== SOURCE DATA ==

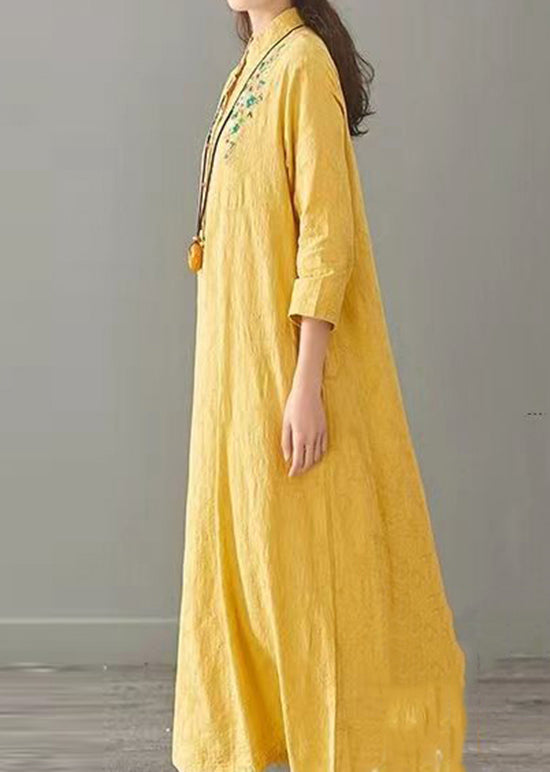 Yellow Embroideried Patchwork Cotton Long Dresses Fall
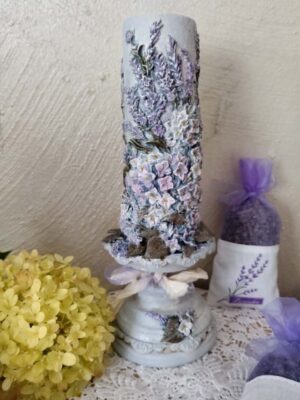 świecznik ozdoba rękodzieło prezent decoupage świeczka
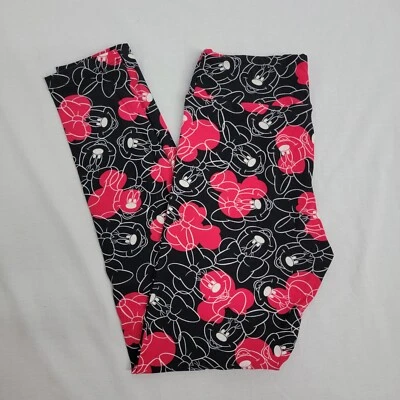 Leggings Lularoe Disney Minnie Mouse negro rosa patrón integral para mujer OS Foto 1 de 4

===

#### [TASK ITEM]
Transcribe the listing above verbatim. Omit the pictures.

#### [WRITTEN REPLY]
 Yellow Embroideried Patchwork Cotton Long Dresses Fall
 świecznik ozdoba rękodzieło prezent decoupage świeczka
 Leggings Lularoe Disney Minnie Mouse negro rosa patrón integral para mujer OS Foto 1 de 4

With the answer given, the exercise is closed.